*** Data provided ***

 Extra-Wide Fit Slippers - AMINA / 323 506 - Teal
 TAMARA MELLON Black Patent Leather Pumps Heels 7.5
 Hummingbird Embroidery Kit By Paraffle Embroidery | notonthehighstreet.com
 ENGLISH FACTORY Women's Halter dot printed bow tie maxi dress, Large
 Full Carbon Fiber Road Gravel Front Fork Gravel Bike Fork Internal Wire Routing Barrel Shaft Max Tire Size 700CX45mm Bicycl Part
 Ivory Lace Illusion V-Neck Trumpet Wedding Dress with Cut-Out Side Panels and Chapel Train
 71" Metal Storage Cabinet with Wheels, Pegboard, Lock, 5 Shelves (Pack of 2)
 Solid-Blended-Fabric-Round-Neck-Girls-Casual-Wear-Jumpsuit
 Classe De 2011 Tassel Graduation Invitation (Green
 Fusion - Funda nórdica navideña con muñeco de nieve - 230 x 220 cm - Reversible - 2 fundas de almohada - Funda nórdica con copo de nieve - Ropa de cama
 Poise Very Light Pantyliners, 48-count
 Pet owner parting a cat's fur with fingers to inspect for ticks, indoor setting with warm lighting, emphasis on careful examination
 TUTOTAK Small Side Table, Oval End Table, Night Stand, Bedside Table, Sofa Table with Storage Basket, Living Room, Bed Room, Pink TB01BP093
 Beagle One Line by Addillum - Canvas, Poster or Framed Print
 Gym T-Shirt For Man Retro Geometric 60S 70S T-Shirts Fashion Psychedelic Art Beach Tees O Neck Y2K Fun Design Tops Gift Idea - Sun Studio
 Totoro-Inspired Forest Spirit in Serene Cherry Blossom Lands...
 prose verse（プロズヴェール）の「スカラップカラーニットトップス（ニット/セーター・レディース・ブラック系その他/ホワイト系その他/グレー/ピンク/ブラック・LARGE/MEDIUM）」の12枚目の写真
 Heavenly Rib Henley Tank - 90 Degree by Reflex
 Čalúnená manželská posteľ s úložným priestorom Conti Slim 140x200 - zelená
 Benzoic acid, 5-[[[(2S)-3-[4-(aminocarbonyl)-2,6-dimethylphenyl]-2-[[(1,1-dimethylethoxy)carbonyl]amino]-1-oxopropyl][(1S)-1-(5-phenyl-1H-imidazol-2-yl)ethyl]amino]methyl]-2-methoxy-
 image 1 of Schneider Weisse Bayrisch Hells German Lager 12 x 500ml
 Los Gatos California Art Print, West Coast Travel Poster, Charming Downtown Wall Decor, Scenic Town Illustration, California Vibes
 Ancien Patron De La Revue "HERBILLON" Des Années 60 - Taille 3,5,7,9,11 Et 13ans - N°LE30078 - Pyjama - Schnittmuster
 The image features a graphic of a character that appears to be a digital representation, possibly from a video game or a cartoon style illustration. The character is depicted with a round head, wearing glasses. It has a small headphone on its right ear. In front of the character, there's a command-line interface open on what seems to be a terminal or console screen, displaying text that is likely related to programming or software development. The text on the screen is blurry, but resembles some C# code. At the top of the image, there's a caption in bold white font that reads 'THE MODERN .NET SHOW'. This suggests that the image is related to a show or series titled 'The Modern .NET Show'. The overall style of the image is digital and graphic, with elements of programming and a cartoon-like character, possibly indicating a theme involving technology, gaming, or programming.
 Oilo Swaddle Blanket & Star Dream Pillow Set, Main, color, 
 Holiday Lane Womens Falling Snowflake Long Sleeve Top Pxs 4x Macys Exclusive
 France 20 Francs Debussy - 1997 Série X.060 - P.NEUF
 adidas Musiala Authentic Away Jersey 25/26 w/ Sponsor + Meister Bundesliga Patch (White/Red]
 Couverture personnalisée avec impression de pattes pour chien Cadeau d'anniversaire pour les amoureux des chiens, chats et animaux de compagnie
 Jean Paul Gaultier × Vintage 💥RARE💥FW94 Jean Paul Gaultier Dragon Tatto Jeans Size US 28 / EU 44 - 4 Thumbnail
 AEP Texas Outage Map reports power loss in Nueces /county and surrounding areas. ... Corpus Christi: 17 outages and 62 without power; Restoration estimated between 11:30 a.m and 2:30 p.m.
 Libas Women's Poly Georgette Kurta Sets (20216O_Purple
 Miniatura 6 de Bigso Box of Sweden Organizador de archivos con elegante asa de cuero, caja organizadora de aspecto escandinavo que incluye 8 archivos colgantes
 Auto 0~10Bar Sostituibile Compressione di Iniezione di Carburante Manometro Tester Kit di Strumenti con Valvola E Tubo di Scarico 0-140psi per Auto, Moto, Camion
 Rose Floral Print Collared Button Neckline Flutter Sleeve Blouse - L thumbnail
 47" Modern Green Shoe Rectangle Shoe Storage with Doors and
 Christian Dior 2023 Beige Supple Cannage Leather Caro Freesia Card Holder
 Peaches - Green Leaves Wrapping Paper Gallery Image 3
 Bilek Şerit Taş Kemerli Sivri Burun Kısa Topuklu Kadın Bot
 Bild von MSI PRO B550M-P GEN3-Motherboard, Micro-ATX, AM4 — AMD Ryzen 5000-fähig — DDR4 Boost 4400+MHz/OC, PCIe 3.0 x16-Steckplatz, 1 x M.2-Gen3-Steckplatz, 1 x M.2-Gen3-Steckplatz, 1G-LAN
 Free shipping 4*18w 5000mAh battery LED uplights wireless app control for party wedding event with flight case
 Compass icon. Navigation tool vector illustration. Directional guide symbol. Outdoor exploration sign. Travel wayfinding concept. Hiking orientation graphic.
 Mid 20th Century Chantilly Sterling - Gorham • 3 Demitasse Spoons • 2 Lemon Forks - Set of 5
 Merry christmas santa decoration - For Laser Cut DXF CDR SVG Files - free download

*** End of Data provided ***

Try it: When "Storage" shows up in a line of the material, report that line.

Final answer:
 71" Metal Storage Cabinet with Wheels, Pegboard, Lock, 5 Shelves (Pack of 2)
 TUTOTAK Small Side Table, Oval End Table, Night Stand, Bedside Table, Sofa Table with Storage Basket, Living Room, Bed Room, Pink TB01BP093
 47" Modern Green Shoe Rectangle Shoe Storage with Doors and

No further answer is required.